L’allontanamento di Ian Gillan dopo il disastroso Born Again Tour (che ispirò anche “This Is Spinal Tap”), portò lo sconforto nei fan del Sabba, così come all’interno della band. Dio aveva ridato linfa ad un combo sull’orlo del precipizio, ma i suoi diverbi coi restanti membri resero impossibile il proseguimento di un matrimonio che sembrava nato per durare.
Dopo quindici anni in cui aveva cambiato per sempre il modo di intendere la musica dura, il chitarrista prese così l’ultima defezione come un segno del destino, optando per la prima fatica solista circondato da turnisti e da voci amiche come quelle di Rob Halford, Glenn Hughes e con lo stesso Dio, con il quale aveva recuperato i rapporti di un tempo. Purtroppo, le case discografiche implicate rovinarono i sogni di Iommi, imponendo un nuovo lavoro a nome Black Sabbath, concedendo ai baffi più famosi del rock la scritta “featuring Tony Iommi”, quasi un contentino per un musicista che aveva creato alcuni dei riff più celebri degli ultimi vent’anni…Il risultato finale fu “The Seventh Star”, un album nel complesso molto gradevole, ma che poco aveva a che spartire con il passato dei Sabbath. Il fatto che fosse nato come disco solista giustifica la varietà dei brani che, alla fine, vennero lasciati completamente nelle mani di Glenn Hughes. L’ex Purple non arrivò all’impegno nel pieno delle proprie condizioni psicofisiche, rendendo il successivo tour un vero calvario, ma in studio fu protagonista di una grande prova. Il live annesso alla nuova edizione rende comunque giustizia anche a quel tour o perlomeno fa vedere che, quando “The Voice Of Rock” era nel pieno delle proprie facoltà, poteva cantare pezzi di ogni epoca del gruppo.
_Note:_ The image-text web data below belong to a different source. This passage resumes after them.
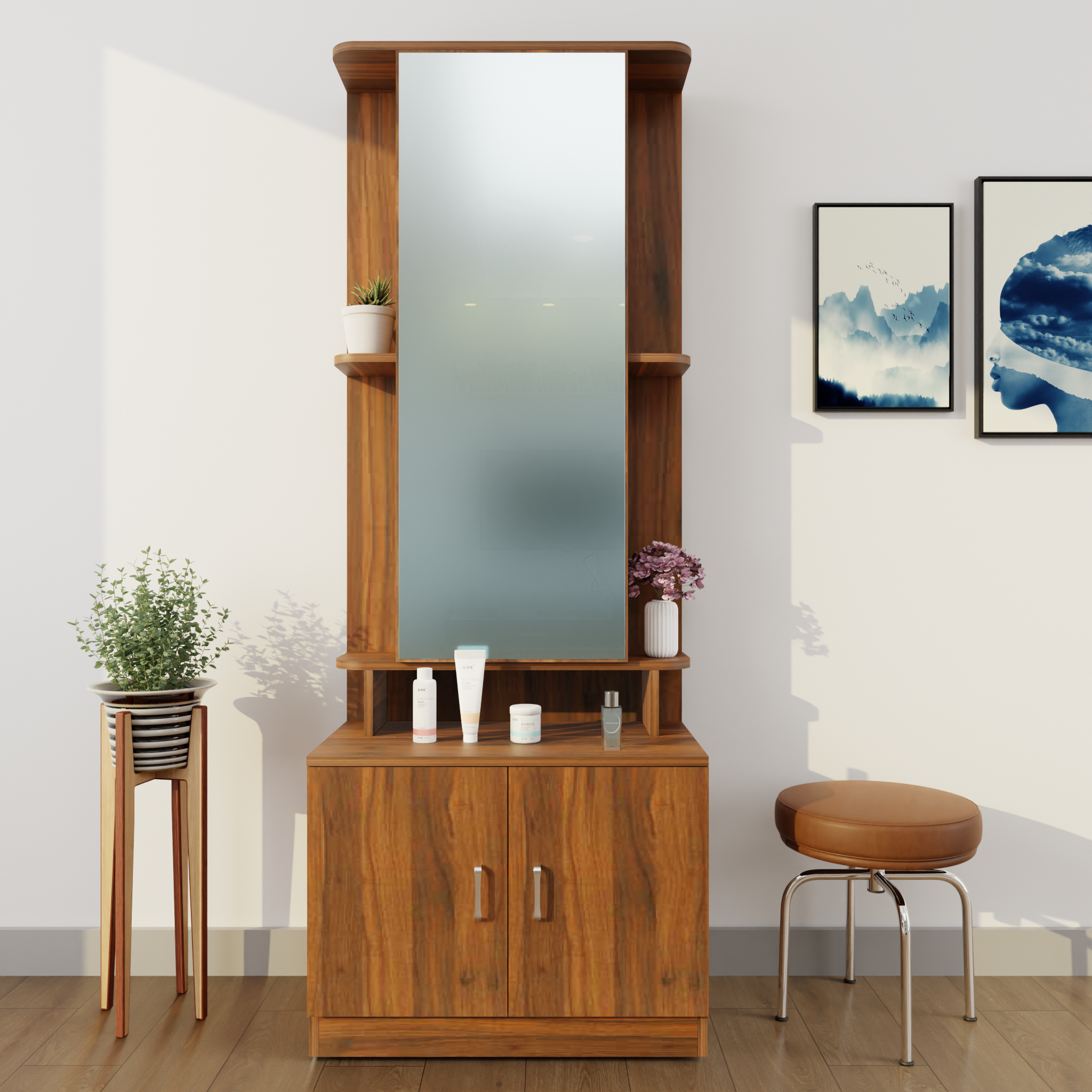 Dressing Table with Mirror Door | Double Door & Shelves Dressing Table VIKI FURNITURE Walnut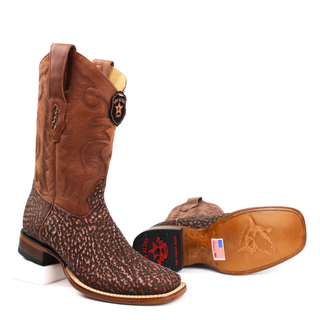 Pair of Los Altos men's cognac Shark/ Tiburon  square toe western boots sole view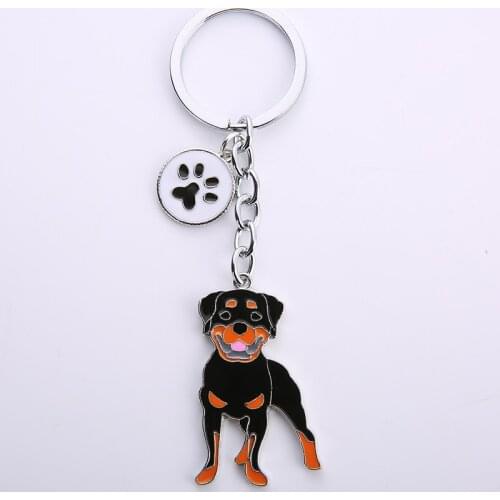 Simple Rottweiler Dog Pendant Keychain Alloy Metal Bag Charm for Men and Women Car Keychain Keyring Jewelry Decoration Gift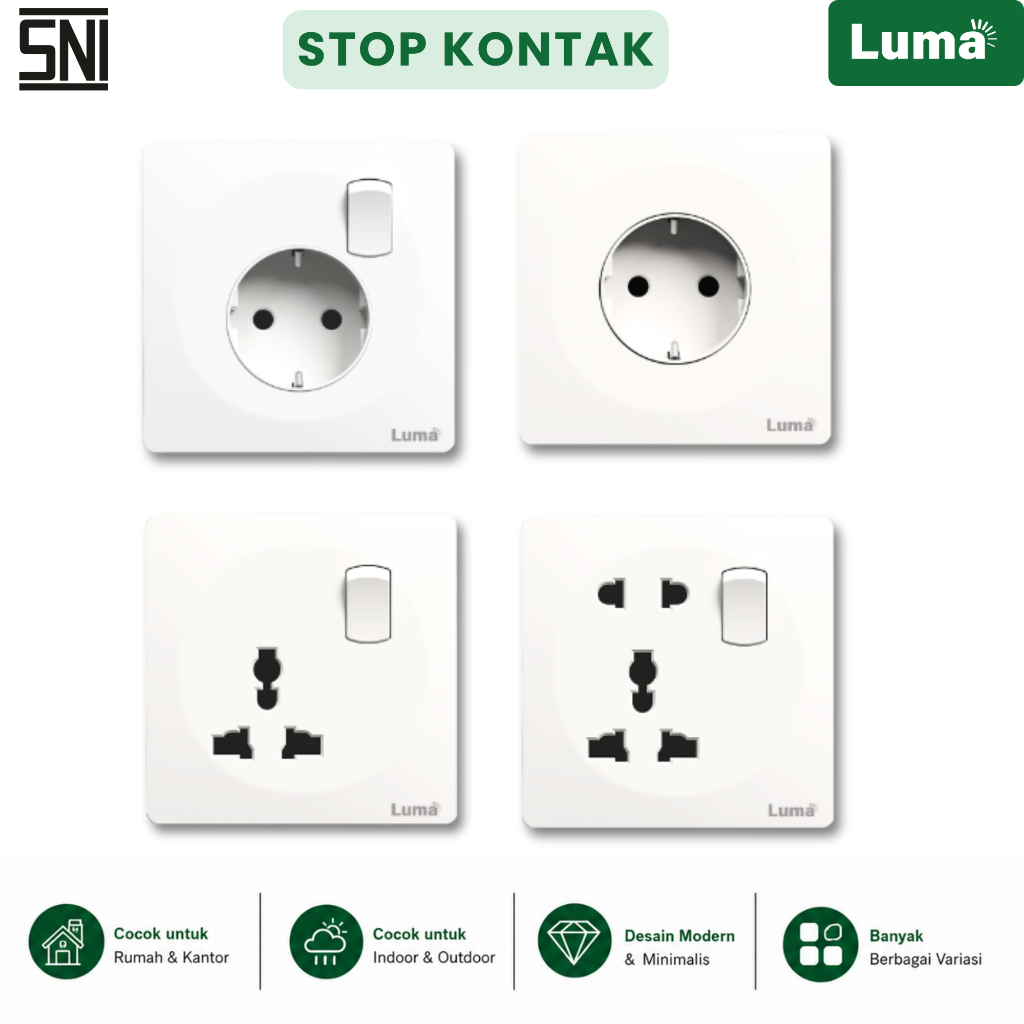 LUMA - Stop kontak 16A SNI Premium / Stop kontak Tanam Dinding Putih / Colokan Listrik Universal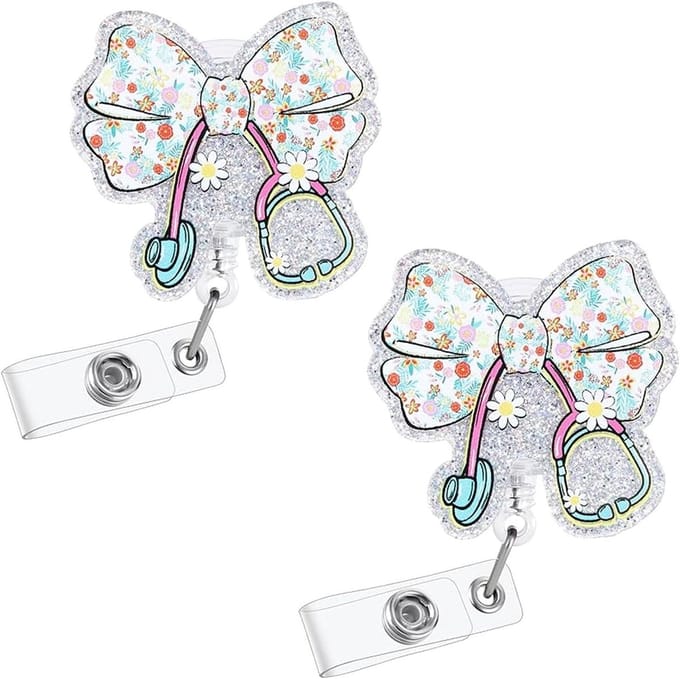 Badgehouder Set - ID Clip - Werk Zichtbaar - Intrekbaar Koord - 2 Stuks - Bloemig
Hughes fu il secondo ex Deep Purple consecutivo a lasciare i Black Sabbath, ma la cosa, invece che deprimere Iommi, lo convinse che l’avventura potesse andare avanti anche con singer sempre differenti. Per questo, quasi a sorpresa, ingaggiò il misconosciuto Ray Gillen per il successivo “The Eternal Idol”. Dopo aver registrato l’intero album, anche Gillen decise di abbandonare l’avventura, quasi come se una maledizione aleggiasse sul combo dopo l’addio degli addi, quello di Ozzy alla fine degli anni ’70. Arrivò quindi un altro volto poco noto della scena musicale inglese, il giovane Tony Martin, dotato di una voce potentissima in grado di cantare su registri differenti ed in particolare su quelli di Dio. Iommi ancora non lo sapeva, ma aveva appena trovato il singer che avrebbe cantato nel maggior numero di album dei Black Sabbath dopo Osbourne. “The Eternal Idol” è un grande album hard rock, più pesante del precedente e concepito fin dall’inizio per uscire con lo storico moniker. La prova del nuovo componente convinse tutti e diede grande entusiasmo a tutto l’ambiente, che se apprestava ad assistere alla nascita dei due album migliori della band dai tempi di “Heaven And Hell”: “The Headless Cross” e “Tyr”. La nuova versione, oltre ad essere stata rimasterizzata, contiene le session dell’album effettuate da Gillen, cosa che rende il prodotto una chicca imprescindibile per ogni fan del più grande gruppo hard rock della storia della musica.